_DATA SECTION:_
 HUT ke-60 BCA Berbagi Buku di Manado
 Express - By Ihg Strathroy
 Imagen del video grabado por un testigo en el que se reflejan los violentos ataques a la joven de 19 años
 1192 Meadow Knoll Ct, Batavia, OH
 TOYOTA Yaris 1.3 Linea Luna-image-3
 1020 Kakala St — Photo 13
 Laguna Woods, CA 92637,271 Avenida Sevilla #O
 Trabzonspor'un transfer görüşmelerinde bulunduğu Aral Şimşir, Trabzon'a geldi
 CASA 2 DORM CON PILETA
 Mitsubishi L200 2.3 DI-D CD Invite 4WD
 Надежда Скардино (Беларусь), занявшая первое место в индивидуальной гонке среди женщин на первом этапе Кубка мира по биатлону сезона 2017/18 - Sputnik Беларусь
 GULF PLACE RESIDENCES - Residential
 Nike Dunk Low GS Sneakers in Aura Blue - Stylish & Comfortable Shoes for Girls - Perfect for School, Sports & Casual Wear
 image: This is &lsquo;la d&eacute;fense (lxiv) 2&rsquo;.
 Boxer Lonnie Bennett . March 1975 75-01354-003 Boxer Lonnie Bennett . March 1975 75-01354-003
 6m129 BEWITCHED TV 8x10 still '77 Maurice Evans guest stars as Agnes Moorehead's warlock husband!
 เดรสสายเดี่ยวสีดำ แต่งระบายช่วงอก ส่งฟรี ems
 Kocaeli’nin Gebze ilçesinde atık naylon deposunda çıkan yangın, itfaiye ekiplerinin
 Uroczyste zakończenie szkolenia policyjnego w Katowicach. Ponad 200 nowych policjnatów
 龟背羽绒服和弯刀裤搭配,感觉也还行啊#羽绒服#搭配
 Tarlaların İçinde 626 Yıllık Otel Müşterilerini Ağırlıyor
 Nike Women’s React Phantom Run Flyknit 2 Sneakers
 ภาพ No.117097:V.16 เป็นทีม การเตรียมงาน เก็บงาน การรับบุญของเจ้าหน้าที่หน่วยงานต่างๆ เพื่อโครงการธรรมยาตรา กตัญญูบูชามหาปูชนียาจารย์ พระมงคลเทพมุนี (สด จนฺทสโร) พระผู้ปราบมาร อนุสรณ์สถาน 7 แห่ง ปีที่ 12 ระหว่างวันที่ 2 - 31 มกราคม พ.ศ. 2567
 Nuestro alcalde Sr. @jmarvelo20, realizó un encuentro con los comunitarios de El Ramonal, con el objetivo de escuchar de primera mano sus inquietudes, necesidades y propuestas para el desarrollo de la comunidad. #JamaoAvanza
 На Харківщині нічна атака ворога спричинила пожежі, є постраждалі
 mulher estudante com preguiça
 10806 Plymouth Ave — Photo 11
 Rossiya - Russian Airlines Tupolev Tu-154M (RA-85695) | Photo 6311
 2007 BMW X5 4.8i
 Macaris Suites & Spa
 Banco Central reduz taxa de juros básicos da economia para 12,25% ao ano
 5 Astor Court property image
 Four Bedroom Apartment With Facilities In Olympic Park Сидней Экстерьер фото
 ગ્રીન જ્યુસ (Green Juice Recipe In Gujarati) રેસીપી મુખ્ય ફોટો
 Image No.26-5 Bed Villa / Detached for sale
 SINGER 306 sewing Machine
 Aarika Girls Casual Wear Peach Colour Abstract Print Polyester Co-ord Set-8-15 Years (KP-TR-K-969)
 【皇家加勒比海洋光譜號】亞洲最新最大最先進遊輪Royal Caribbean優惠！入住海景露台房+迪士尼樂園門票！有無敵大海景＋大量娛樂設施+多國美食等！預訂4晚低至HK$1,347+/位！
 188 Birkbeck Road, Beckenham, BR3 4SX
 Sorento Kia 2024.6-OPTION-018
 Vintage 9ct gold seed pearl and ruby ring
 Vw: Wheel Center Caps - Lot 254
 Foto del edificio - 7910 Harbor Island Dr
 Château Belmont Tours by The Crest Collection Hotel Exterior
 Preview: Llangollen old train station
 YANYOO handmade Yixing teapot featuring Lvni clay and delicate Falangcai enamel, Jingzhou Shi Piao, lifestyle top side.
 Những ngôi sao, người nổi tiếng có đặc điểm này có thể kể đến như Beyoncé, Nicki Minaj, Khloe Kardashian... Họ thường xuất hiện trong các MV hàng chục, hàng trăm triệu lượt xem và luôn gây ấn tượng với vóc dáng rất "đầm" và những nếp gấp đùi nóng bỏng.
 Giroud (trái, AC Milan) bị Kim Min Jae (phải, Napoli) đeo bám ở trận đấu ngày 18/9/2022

_DIRECTIONS FOR THIS TASK:_ The lines to show are those in the data above that include "Wear".

_RESPONSE BELOW:_
 Nike Dunk Low GS Sneakers in Aura Blue - Stylish & Comfortable Shoes for Girls - Perfect for School, Sports & Casual Wear
 Aarika Girls Casual Wear Peach Colour Abstract Print Polyester Co-ord Set-8-15 Years (KP-TR-K-969)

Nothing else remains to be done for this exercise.